Hari itu mengubah segalanya, aku menjadi sering membaca puisi-puisi dari penyair-penyair terkenal tanah air. Chairil Anwar, W.S. Rendra, dan Taufiq Ismail adalah penyair yang karyanya aku makan setiap hari. Ternyata para penyair itu sungguh keren, mereka benar-benar merdeka dalam bercerita. Rentetan majas dalam syair-syairnya membuat sebuah karya rasanya semakin hidup, seolah barisan kata itu berhasil membuat si pembacanya mengikuti.
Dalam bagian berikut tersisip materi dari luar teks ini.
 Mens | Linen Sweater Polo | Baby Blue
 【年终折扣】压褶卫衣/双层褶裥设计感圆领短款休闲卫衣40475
Aku pun mencoba membuat puisi-puisi dengan tema kepahlawanan ataupun kemerdekaan, karena itu tema yang kemungkinan akan ada dalam lomba. Setiap hari jari jemariku seolah terbiasa untuk slalu menghubungi Lina dengan alasan membicarakan topik lomba puisi itu. Aku senang karena tidak perlu memutar otak memikirkan topik pembicaraan, sekaligus ini bisa menjadi alasan agar aku tetap berkomunikasi dengan dirinya. Setiap kali aku selesai membuat sebuah puisi, aku meminta Lina untuk berpendapat, dia benar-benar orang yang cerdas, dia pasti memberi kritik dan saran yang sangat membangun. Olehnya, aku merasa terkoreksi dan lengkap.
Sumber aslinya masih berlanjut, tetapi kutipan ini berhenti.